Burn - ’Burn’ spells are spells that can deal direct damage to your opponent. Burn spells are difficult to stop and can win you a game even after your creatures have been destroyed. Most burn spells can also be used to deal damage to creatures, allowing you to kill creatures or damage your opponent, whatever you need most at the time.
Artifact and Land Destruction - Much like white, red is incredibly efficient at destroying artifacts, but it is also very good at destroying lands. Land destruction isn’t very common, and often has a high mana cost, but it can be ruthlessly efficient when playing against decks that rely heavily on their land (such as a deck that uses its lands to win, or plays three or more colours).
Big Creatures - Green has the biggest creatures in all of magic. The natural power and toughness of green creatures can be incredible value for mana, and can be used to overwhelm an opponent. Green can bring power and force to the battlefield from turn one.
Mana Ramp and Fixing - Green has the ability to create ways of making mana, and getting land on the field faster than any other colour. This allows green to play bigger creatures and spells a lot earlier than their opponents. Their ability to get mana also allows them to ‘mana fix’, that is, the ability to get the colour mana that they need. This can be from searching your library for the land you need, or from giving your lands and creatures the ability to generate different colours of mana.
Pump - Much like red, green also has the ability to give their creatures huge bonuses to their strength and toughness. This allows green players to play big creatures faster than their opponents, and then have the ability to make them even more powerful when they need to. This can make green creatures very tough to deal with.
Removal - Green has a very unique way of destroying your opponents creatures using the ‘fight’ mechanic. Green makes your creatures ‘fight’ your opponents (they deal damage to each other equal to their power). This means to use your removal spells you must have a creature on the battlefield, and it takes advantage of the fact that your creatures will often be bigger than your opponents. Another very common removal card in green is anti-flyers, green has many ways to kill flying creatures efficiently. This is too specific to run in a main deck, but can make ruthlessly efficient removal cards for the sideboard.

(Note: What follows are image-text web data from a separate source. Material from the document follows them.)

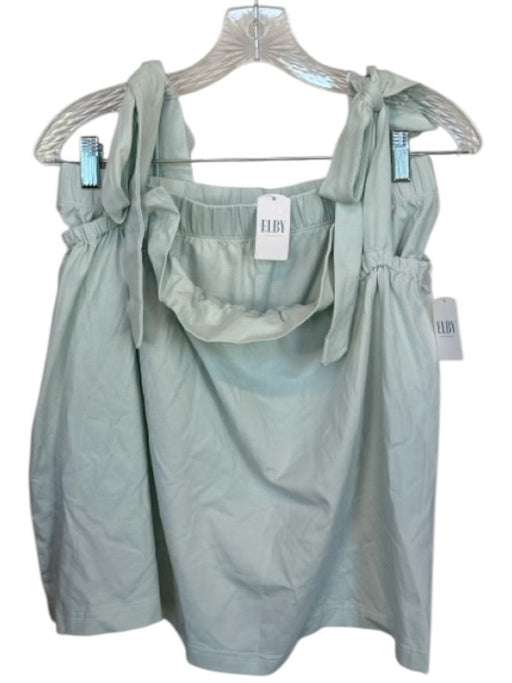 Elby Size M Mint Cotton Blend Elastic Waist Tie Straps Shorts Pajamas Mint / M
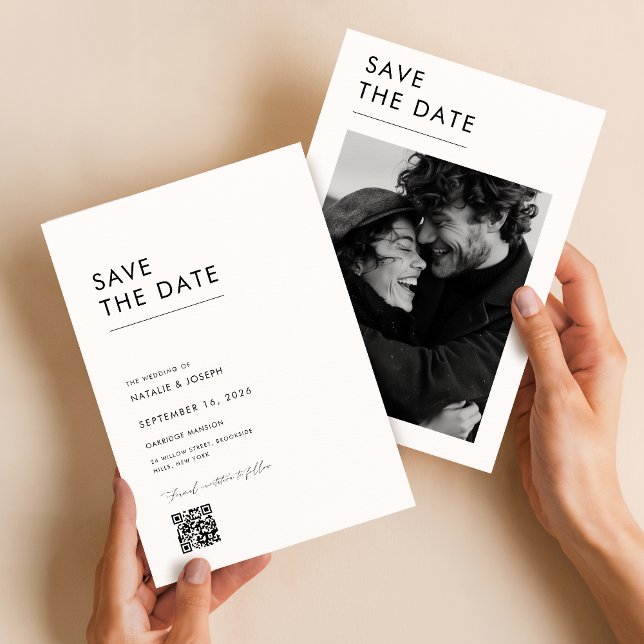 Elegantes Typografie-Foto Save the Date Einladung (Von Creator hochgeladen)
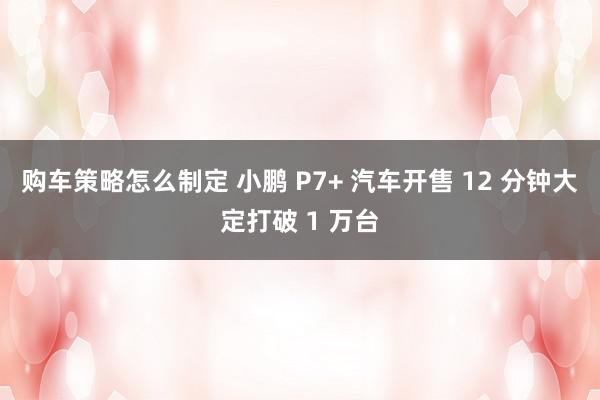 购车策略怎么制定 小鹏 P7+ 汽车开售 12 分钟大定打破 1 万台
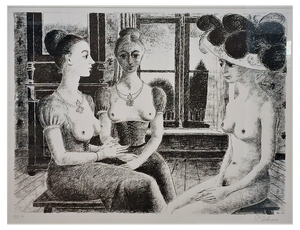 Paul Delvaux, La Fenetre, 1971, Lithograph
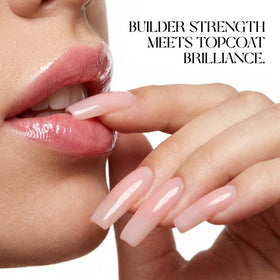 APRÉS cured nail close-up showing high-gloss non-wipe shine and durability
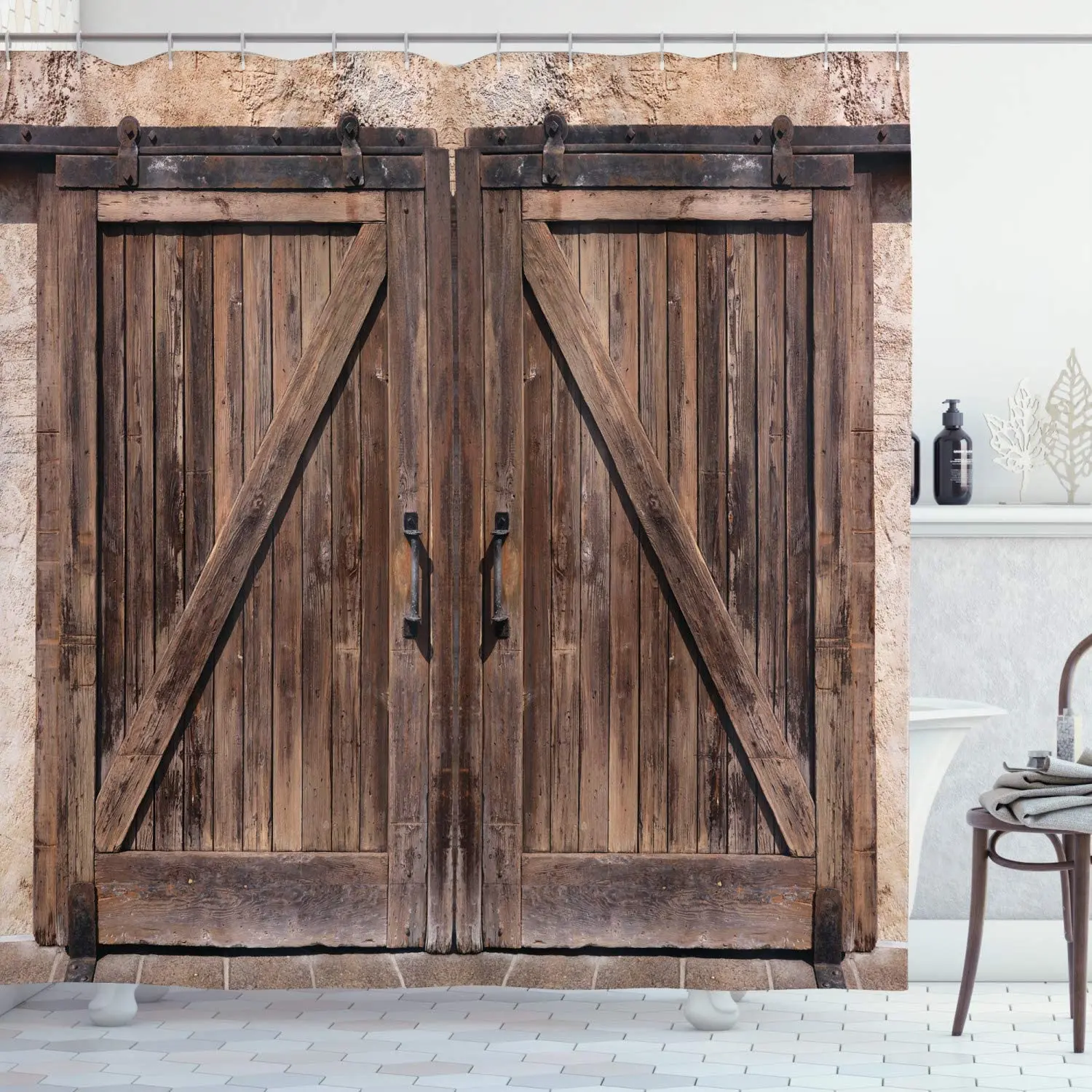 Rústico de Madera Puerta de Granero Conjunto De Tela Impermeable Baño Cortina de ducha y 12 Ganchos Rústico de Madera Puerta de Granero Conjunto De Tela Impermeable Baño Cortina de ducha y 12 Ganchos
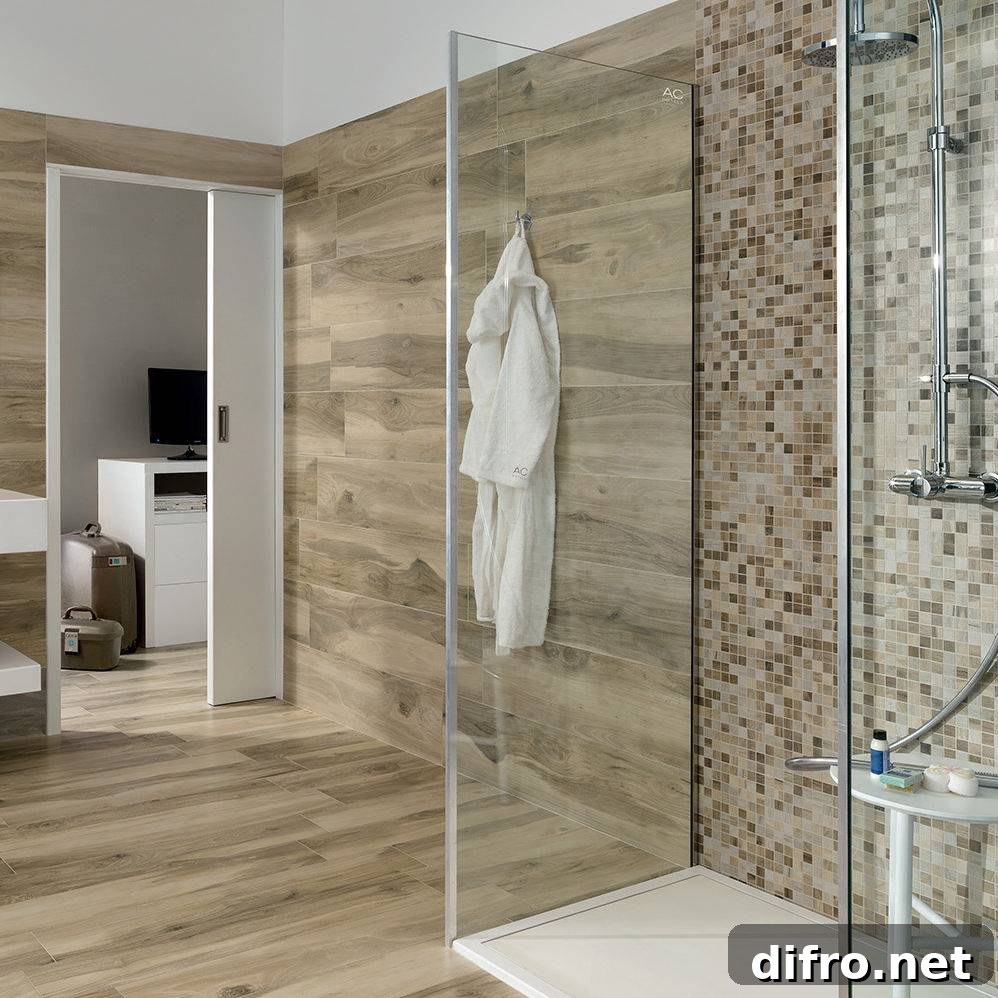 Wood Tile Bathroom Floor And Wall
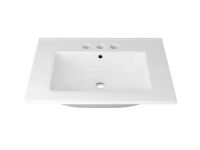 Eridanus Tucson 24 in. W x 18 in. D Vitreous China Vanity Top in White with 3 Faucet Holes (4 in. Centerset)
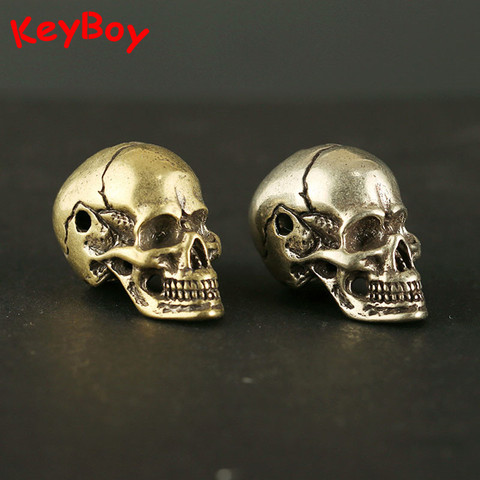 White Brass Copper Punk Men Skull Head Keychains Pendant Metal Key Chain Ring Fob Charms Bronze Skeleton DIY Keyring Accessories ► Photo 1/6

Self Mill - Green is very adept at putting cards from its own library into its graveyard. This is useful when you have a deck that can take advantage of its own graveyard.
Artifact and Enchantment Removal - Much like white, green is very good at destroying artifacts and enchantments. A green decks sideboard can be incredibly versatile with using only a few cards.
Enjoy What the Colours Have to Offer
Once again, enjoy the colours and what they have to offer. Look at what you can create when putting different colours together. What colours compliment each others weaknesses, what colours work alongside your theme and play style, and what colours just sound like they do the sorts of things you want to do! Give all the colours a go, they might surprise you. Play around with colour combinations, and don't be afraid to try something you have never played before. There are no wrong decisions, and there are so many awesome decks out there just waiting to be played.
Separate articles will look more in-depth at each colour, the themes, the mechanics, and the strengths and weaknesses of the colours and colour combinations. For starting up though, don't worry too much about the gritty details of them, just follow your instincts, and go with what sounds fun and right for you.